Les principales dispositions de l’ordonnance n° 2020-705 du 10 juin 2020 relative au fonds de solidarité à destination des entreprises particulièrement touchées par les conséquences économiques, financières et sociales de la propagation de l’épidémie de Covid-19 et des mesures prises pour limiter cette propagation

Publié le 22/07/2020 - mis à jour le 30/07/2020 à 10H34

L’ordonnance du 10 juin 2020 prolonge la durée du fonds de solidarité jusqu’à la fin de l’année 2020 et apporte de menues modifications au régime légal applicable à ce dispositif.

La présente ordonnance est prise sur le fondement de l’habilitation prévue à l’article 11 de la loi n° 2020-290 du 23 mars 2020 d’urgence pour faire face à l’épidémie de Covid-19. Celle-ci autorise le gouvernement à prendre par ordonnances, dans un délai de trois mois à compter de sa publication, toute mesure relevant du domaine de la loi afin de faire face aux conséquences économiques, financières et sociales de la propagation de l’épidémie de Covid-19 et aux conséquences des mesures prises pour limiter cette propagation.

Sur le fondement de cette habilitation, l’ordonnance n° 2020-317 du 25 mars 2020 a créé, pour une durée de trois mois qui peut être prolongée par décret pour trois mois supplémentaires, le fonds de solidarité à destination des entreprises particulièrement touchées par les conséquences économiques, financières et sociales de la propagation de l’épidémie de Covid-19.

Pour rappel, le décret n° 2020-371 du 30 mars 2020 prévoit que le fonds de solidarité est constitué de deux volets.

Le premier volet, géré par la direction générale des finances publiques, permet le versement d’une aide égale à la perte de chiffre d’affaires dans la limite de 1 500 euros. Le fonds a été paramétré de manière à soutenir un maximum d’entreprises et de commerce, en vue de couvrir leurs frais fixes pour la période sur laquelle elles sont impactées.
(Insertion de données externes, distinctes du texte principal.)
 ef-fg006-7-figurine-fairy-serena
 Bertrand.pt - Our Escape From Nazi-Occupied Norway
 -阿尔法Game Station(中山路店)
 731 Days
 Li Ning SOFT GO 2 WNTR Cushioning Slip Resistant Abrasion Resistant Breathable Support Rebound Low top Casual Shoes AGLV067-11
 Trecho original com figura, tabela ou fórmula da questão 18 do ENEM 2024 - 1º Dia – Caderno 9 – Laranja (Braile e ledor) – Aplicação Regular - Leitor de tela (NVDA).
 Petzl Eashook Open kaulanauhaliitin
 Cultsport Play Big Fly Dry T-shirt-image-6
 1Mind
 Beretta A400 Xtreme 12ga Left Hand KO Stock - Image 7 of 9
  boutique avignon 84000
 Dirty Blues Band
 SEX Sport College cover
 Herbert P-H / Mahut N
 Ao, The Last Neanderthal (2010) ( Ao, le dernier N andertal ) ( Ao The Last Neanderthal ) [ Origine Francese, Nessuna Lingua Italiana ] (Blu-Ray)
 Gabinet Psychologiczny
Pour rappel, l’aide mise en place par l’État ne se limite pas à ce seul fonds et de nombreuses mesures sont en place, telles que notamment l’indemnisation du chômage partiel des salariés, le report des échéances sociales et fiscales, ou encore la garantie des prêts de trésorerie.
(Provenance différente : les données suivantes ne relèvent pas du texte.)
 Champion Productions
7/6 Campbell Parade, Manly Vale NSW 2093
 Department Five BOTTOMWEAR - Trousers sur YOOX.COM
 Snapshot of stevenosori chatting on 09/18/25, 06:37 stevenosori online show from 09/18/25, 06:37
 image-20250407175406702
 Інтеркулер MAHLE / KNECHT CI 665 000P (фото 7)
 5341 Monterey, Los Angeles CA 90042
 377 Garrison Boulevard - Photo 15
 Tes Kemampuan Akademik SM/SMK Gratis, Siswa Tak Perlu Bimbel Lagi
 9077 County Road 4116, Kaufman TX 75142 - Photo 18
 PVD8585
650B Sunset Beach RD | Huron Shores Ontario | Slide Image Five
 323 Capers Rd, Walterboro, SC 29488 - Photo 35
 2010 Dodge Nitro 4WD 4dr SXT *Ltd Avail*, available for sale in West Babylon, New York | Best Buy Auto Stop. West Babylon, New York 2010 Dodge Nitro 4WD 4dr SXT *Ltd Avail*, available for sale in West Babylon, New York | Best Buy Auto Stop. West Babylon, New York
À noter. Si l’entreprise remplit les conditions d’octroi de l’aide, elle percevra automatiquement une aide défiscalisée couvrant sa perte de chiffre d’affaires et allant jusqu’à 1 500 euros.

Celles qui ont subi une perte de chiffre d’affaires inférieure à 1 500 euros perçoivent une subvention égale au montant de cette perte.

La demande doit notamment être accompagnée d’une déclaration sur l’honneur attestant que l’entreprise remplit les conditions exigées, l’exactitude des informations déclarées et une estimation du montant de la perte de chiffre d’affaires.

Le second volet permet le versement d’une aide complémentaire aux entreprises les plus en difficulté. Les demandes d’aide au titre de ce second volet sont instruites par les régions, les dépenses étant ensuite vérifiées et ordonnancées par le préfet de région.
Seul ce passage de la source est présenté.